IF I NEVER PLAYED DUNGEONS AND DRAGONS AGAIN...

August 17, 2025
By Anthony Franchini

…I would be just fine with the state of the gaming hobby! What keeps me in the Gaming hobby is creativity and novelty, new ways to think and work together, stretching boundaries and feeling my neurons connect in new ways. And when it comes to D&D, I’ve played it for over 20 years now. I read the 2e books through middle school. Third edition peaked in high school and college. Fourth edition (Hail! Glory!) covered my graduate education. We’re now in fifth edition and beyond, the greatest hits edition to me, and I can speak D&D in my sleep. I have spent hours writing in its syntax, as a forever GM I can improv in my sleep. I’ve run one-shots, taught a few hundred people how to play, run campaigns that have weaved through tens of characters over more years at a time that has dominated my social calendar. So enough I say. I’ve been playing other games and I wanted to share some high level overviews of them:

His Majesty the Worm

Role: GM

Sessions: 4

Highlights:  

Making an actual guild contract between your players? STUNNING. 

Using tarot cards to resolve actions? GORGEOUS.  
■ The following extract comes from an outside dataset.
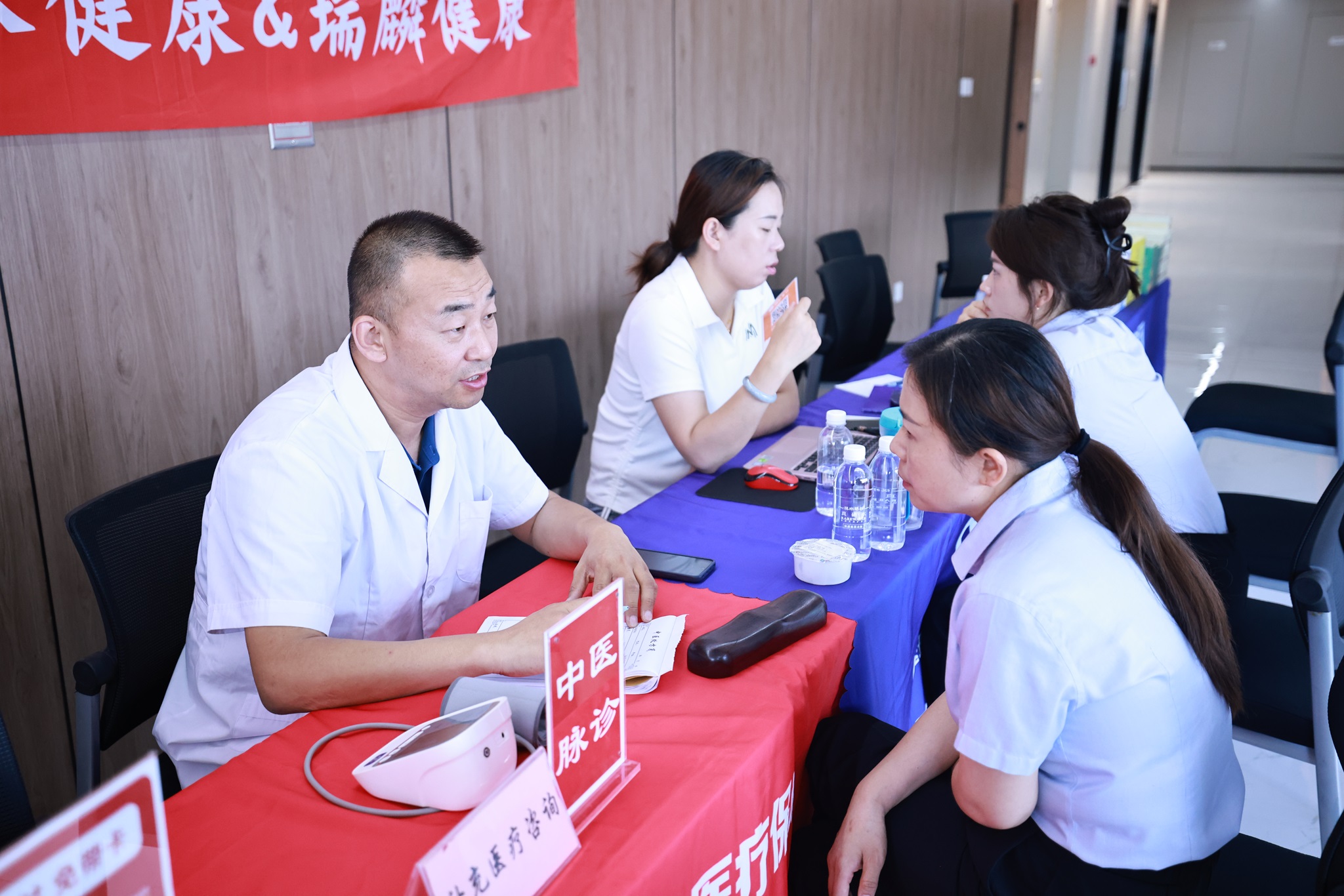 創(chuàng)新研究院組織開展補(bǔ)充醫(yī)療保險講解服務(wù)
Strict phases and relying on narrative RP to recover health? BEAUTIFUL.

Combat as a poker game against your GM? AMAZING. 

My players have entered the chapel of avarice, a dragon-queen themed (so it’s become HER MAJESTY) megadungeon under the city. Each section is rife with grand and warping challenges to see if they can return to the surface covered in her glory with fists full of gold. While this isn’t for novice players, HMtW plays tight and fast when you focus your players on distinct obstacles and goals while you foster their roleplaying so they may camp and recover in between sessions. More people should be playing this. 
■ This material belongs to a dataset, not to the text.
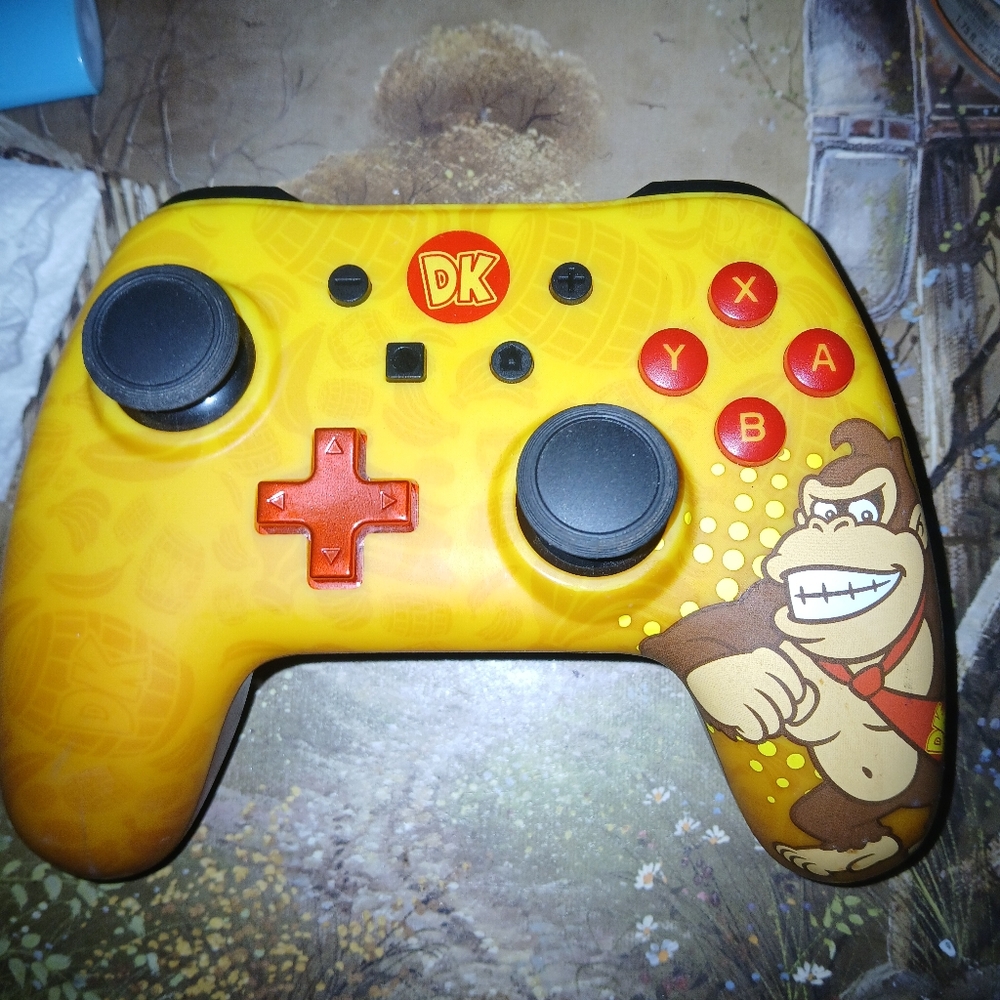 Nintendo Donky Kong - Yellow and Red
I’ve added a novel mechanic of my own, and am learning to build creatures in different ways to expand my own experiences. Stay limber, write differently! 

Shadowdark

Role: player

Sessions: 2

Highlights: Simplified old school D&D work best when your GM is a calm and vicious veteran who has laid out level after level of material for you to literally run through trying not to get TPK’d. I lost four characters the first session, but my goblin tribe will never go extinct in that game (that is a challenge, Rob). This is why you keep character graveyards around, people!! The first session was part of a full gaming weekend, second session was online and hits different on roll20. But the fun and ability to onboard new players and keep the game rolling is great. Plus, frankly, having to manage light and rations is better than finagling with spell lists. I also really dig the carousing feature, and how important it is for the game. Epic narrative benders FTW! Shadowdark is definitely earning my respect after all the hype around its release.

 

Pendragon

Role: player

Sessions: 25+

Highlights:  Here’s a novel experience: playing semi-accurate historical games like Pendragon with a dash of magic and mysticism has been a big hit. Not only have I become the Duke of Oxford, there is a solid manor building mini-game. Hilarious tangent: Through a streak of amazing dice luck, I have sired ten children between my three characters (and they are all healthy and pox free into the teenage years!). Aging hits hard here, talk about realism!!! ::takes a shot of Advil:: We’d be further down the 80 year timeline if we didn’t break to talk about various types of armor, museum trips, linguistic evolution, and search for IRL feast recipes to try. Oh, and we literally killed Grendel while beowulf watched to prevent more aggressive Saxons from taking power in Britons as a power play! This game was built for learning and growing to meet the needs of your era. Seriously undervalued because it can be complex as well. But there are great ways to manage it. 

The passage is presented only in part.